Brief:
In the records below, reproduce exactly the lines from the one containing "Gyerek póló horgásznak" through the one containing "Holding Hands |", both included, and omit the pictures.

==== Data in this exercise ====

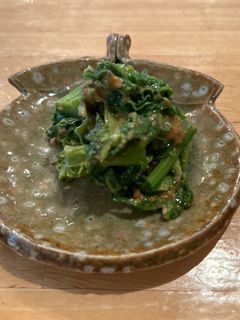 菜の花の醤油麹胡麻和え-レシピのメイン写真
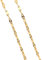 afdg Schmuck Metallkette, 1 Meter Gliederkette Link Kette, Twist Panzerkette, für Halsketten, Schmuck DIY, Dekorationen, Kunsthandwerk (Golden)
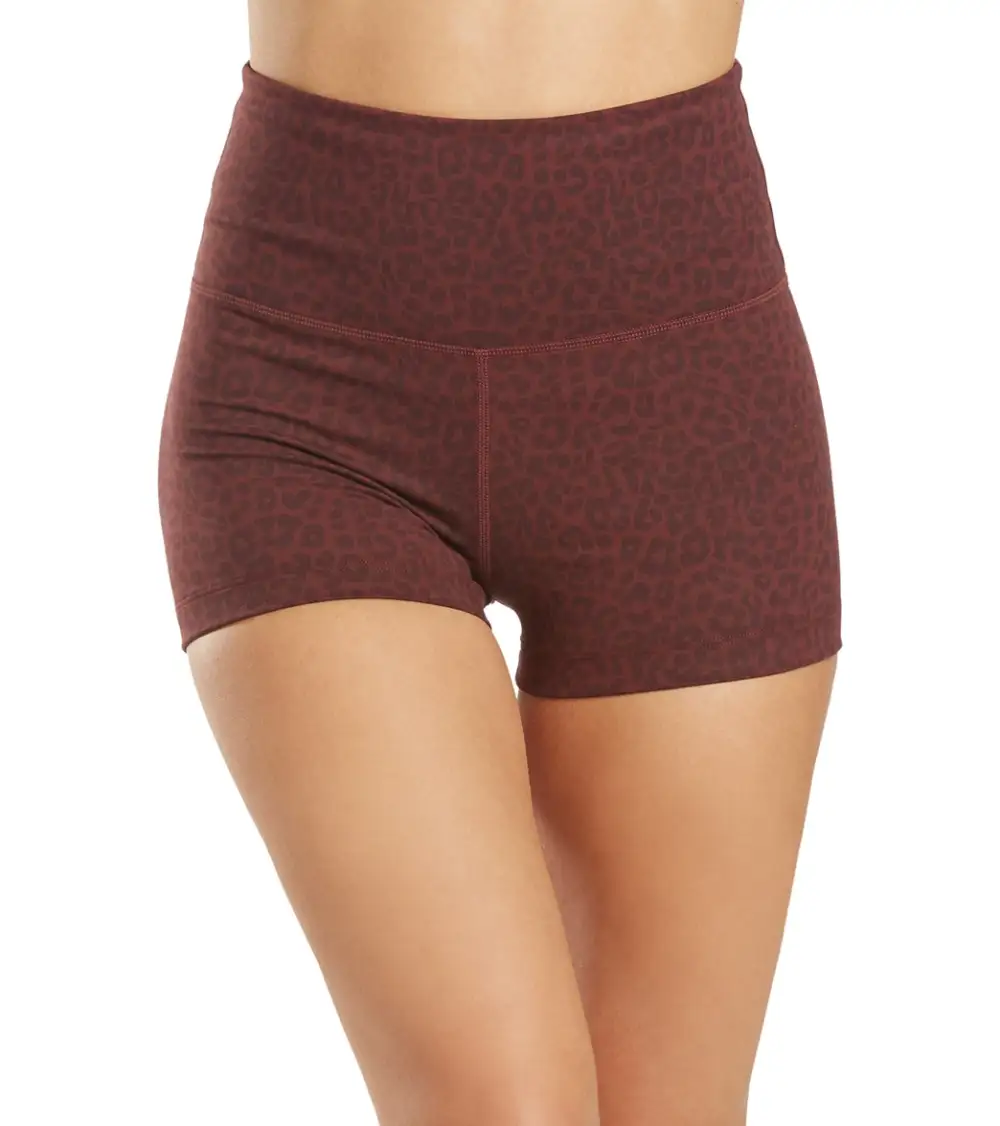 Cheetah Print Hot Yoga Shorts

====
==== Data in this exercise ====

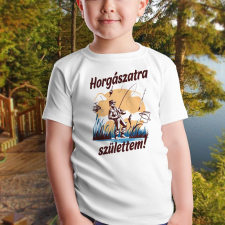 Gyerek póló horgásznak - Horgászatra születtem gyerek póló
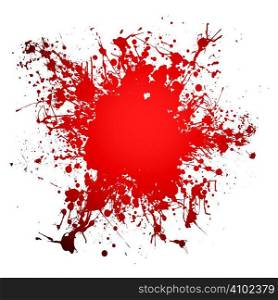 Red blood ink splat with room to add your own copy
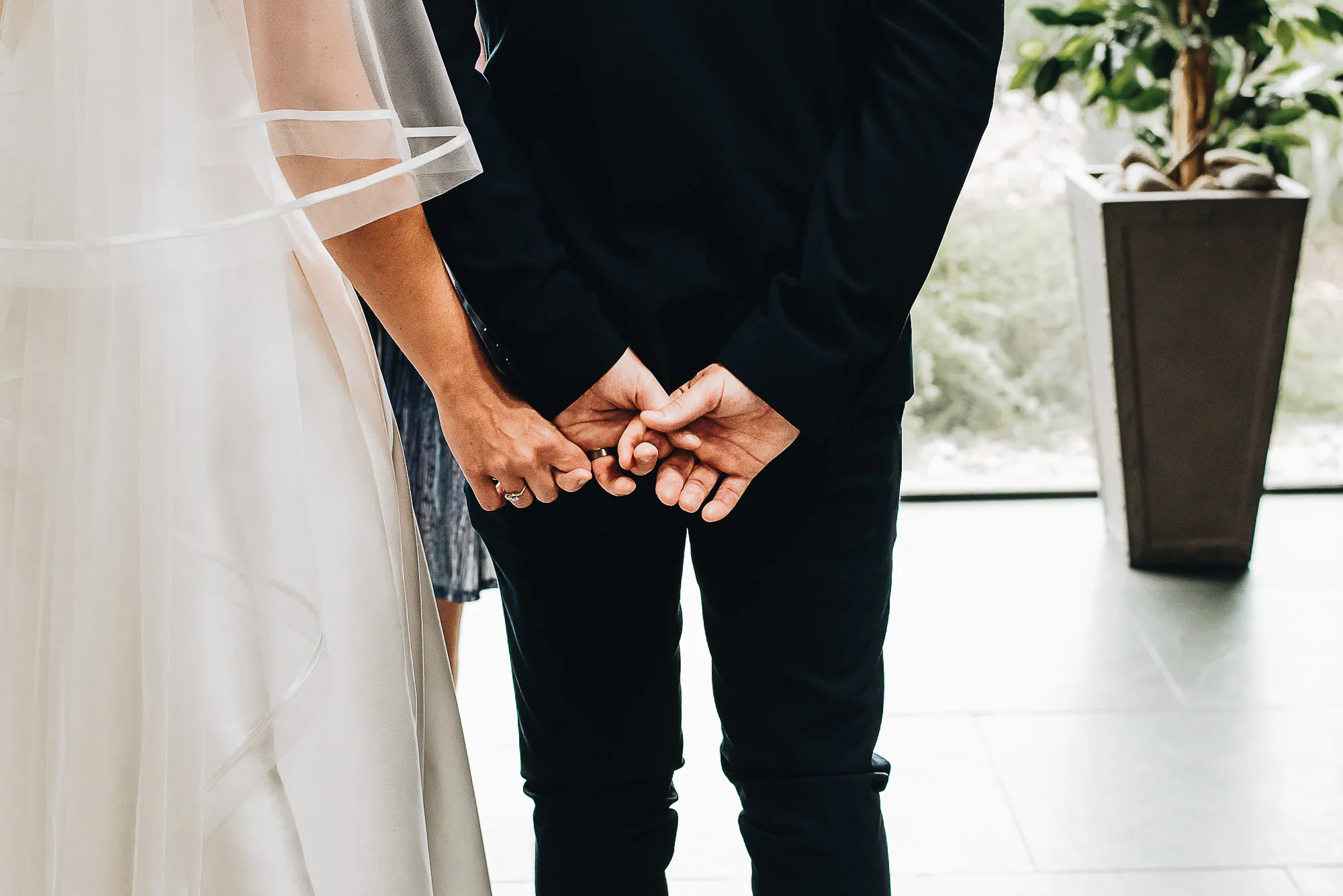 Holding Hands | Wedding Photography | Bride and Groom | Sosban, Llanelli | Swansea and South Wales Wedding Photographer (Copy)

====

Response to this task:
 Gyerek póló horgásznak - Horgászatra születtem gyerek póló
 Red blood ink splat with room to add your own copy
 Holding Hands | Wedding Photography | Bride and Groom | Sosban, Llanelli | Swansea and South Wales Wedding Photographer (Copy)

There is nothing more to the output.